## Work task
In the material below, the line holding "Snapshot of nakeedcowboi65" and every line after it should be reproduced exactly, please, with pictures omitted.

## Data block
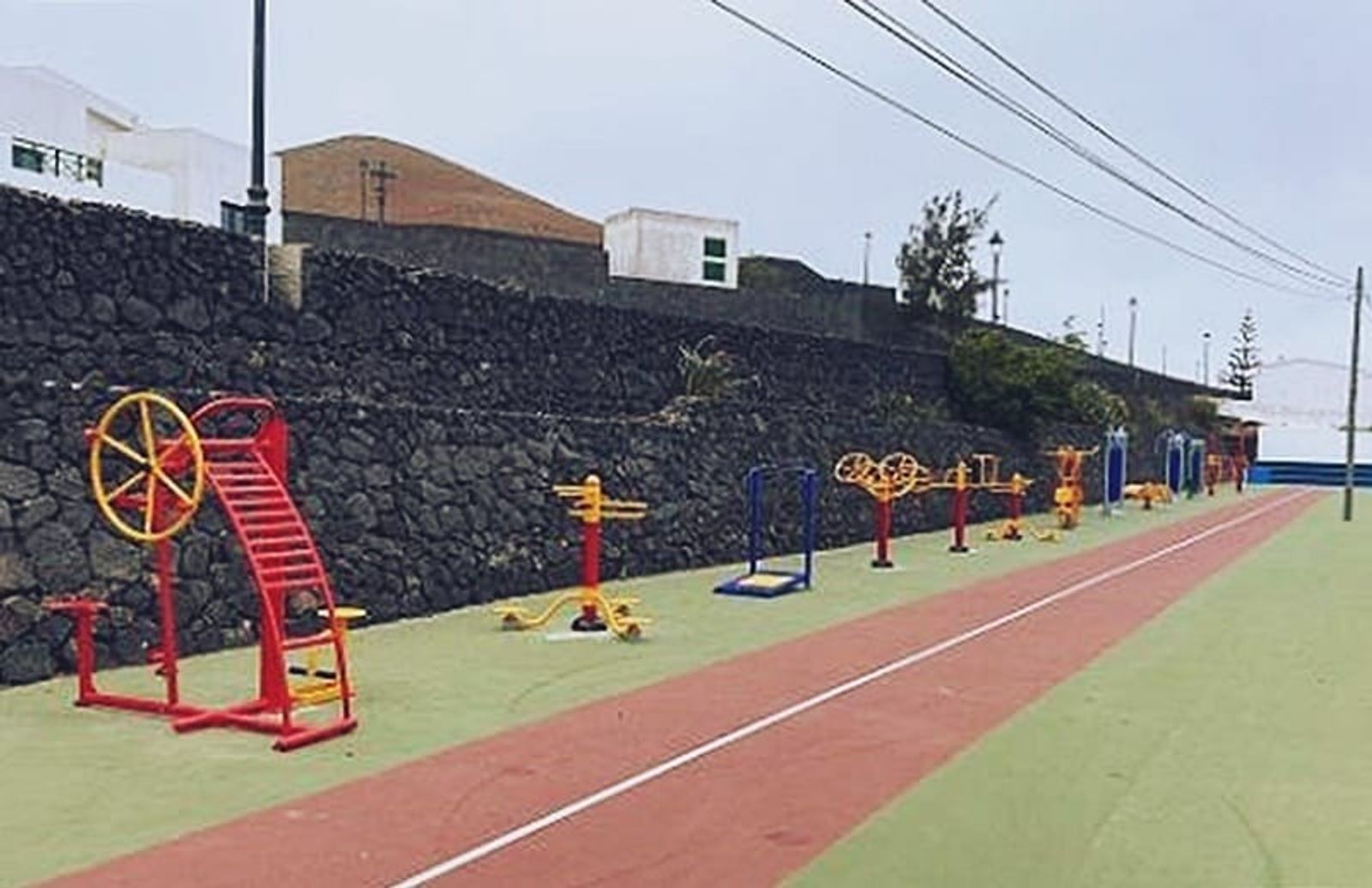 Tinajo informa de un nuevo cierre en las instalaciones municipales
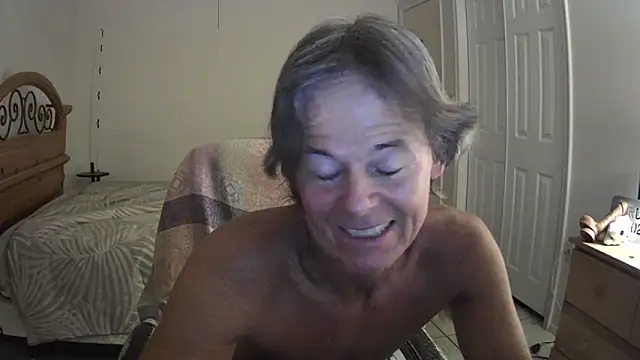 Snapshot of nakeedcowboi65 chatting on June 7, 6:06 am nakeedcowboi65 online show from June 7, 6:06 am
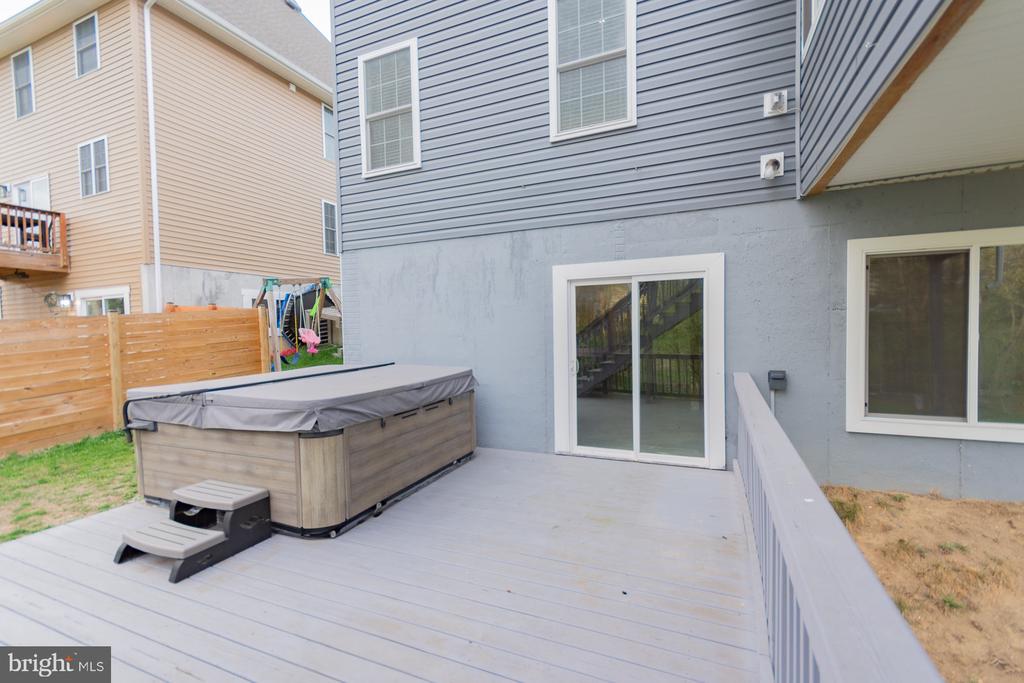 526 THIRD STREET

## The completed task
 Snapshot of nakeedcowboi65 chatting on June 7, 6:06 am nakeedcowboi65 online show from June 7, 6:06 am
 526 THIRD STREET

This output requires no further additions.